For me, whenever a new point is sampled in an uninformed way, then the initializationPrior* should be used. Otherwise, it's unclear why the user can help the optimizer avoid non-evaluable regions at the start of optimization, but not during it. So, "Whenever a new point is sampled?" sounds good to me.

This sounds reasonable, in principle. However, my problem is, that for certain global optimizers it will be difficult to achieve that. They usually just take some box constraints and then sample randomly inside the box. Since what is specified in the parameter table is generally considered an integral part of the optimization problem definition that can't be ignored, I am wondering whether initializationPrior* would then rule out those optimizers. Either way is fine for me, but I think it would be good to clarify that.
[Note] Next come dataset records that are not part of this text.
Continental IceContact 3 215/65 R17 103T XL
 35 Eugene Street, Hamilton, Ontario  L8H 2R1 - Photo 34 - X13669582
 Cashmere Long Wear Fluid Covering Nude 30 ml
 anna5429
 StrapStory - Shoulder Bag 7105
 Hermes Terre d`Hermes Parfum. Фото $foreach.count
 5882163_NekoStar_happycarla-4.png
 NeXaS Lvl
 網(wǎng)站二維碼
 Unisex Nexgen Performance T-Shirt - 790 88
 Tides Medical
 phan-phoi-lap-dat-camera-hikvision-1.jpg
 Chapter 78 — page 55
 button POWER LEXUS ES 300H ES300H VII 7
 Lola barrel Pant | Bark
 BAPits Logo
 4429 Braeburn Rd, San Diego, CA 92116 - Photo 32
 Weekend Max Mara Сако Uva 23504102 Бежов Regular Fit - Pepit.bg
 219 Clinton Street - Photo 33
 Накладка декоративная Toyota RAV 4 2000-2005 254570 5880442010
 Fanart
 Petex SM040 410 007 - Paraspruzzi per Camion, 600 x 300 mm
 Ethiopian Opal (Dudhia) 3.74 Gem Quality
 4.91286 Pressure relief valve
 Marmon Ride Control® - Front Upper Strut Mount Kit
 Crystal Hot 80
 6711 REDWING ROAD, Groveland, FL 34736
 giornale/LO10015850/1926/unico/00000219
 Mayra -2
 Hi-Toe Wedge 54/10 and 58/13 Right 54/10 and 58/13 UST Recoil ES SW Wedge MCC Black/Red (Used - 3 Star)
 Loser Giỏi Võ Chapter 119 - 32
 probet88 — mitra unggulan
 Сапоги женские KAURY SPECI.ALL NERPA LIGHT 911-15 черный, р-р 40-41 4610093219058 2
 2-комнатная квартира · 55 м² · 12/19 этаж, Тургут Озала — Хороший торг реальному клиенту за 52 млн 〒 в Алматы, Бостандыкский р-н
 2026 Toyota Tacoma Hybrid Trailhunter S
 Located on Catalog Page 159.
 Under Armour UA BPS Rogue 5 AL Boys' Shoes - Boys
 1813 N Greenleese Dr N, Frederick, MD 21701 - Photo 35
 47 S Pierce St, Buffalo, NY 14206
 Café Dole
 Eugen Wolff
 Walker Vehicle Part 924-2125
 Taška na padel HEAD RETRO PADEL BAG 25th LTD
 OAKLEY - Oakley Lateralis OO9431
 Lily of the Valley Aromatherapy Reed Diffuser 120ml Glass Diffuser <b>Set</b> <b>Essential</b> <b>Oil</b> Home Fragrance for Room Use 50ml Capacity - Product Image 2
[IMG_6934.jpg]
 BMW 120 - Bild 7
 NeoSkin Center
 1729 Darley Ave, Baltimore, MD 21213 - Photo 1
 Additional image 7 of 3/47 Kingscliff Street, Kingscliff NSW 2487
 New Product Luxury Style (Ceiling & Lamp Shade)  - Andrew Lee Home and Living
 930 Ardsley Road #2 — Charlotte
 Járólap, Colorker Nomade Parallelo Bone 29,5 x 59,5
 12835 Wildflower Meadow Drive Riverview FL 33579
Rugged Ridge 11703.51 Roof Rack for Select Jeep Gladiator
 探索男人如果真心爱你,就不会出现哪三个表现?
dilpath commented 1 month ago

Since what is specified in the parameter table is generally considered an integral part of the optimization problem definition that can't be ignored

This means we would need multiple PEtab problems, one per optimizer type (local/global). It also means one would need to use the same optimizer type to reproduce a result with the original PEtab problem -- otherwise, manual changes would be needed to have a valid PEtab problem. I guess from the perspective of PEtab users, it might be more useful to be able to specify information that an optimizer can use, without requiring it. Or, we move/copy this to the PEtab Result.

dweindl commented 1 month ago

This means we would need multiple PEtab problems

:-/

I guess from the perspective of PEtab users, it might be more useful to be able to specify information that an optimizer can use, without requiring it.

Agreed, but then it should be made clear in the documentation that it's just some hint that optimizers may or may not use. Possibly also in the column name.

Or, we move/copy this to the PEtab Result.

That sounds wrong, since it clearly is input, not output. Whether it was used to obtain the given result could be included there.

dilpath commented 1 month ago

Or, we move/copy this to the PEtab Result.

That sounds wrong, since it clearly is input, not output. Whether it was used to obtain the given result could be included there.

Agreed re: input vs. output. My message was coming from the perspective "the PEtab Result aims to store sufficient information for reproducibility of a result", rather than "the PEtab Result should only contain the result". i.e. it's currently planned that the PEtab Result contains inputs like optimizer hyperparameters and other tool-specific settings. But fine to leave out of this discussion.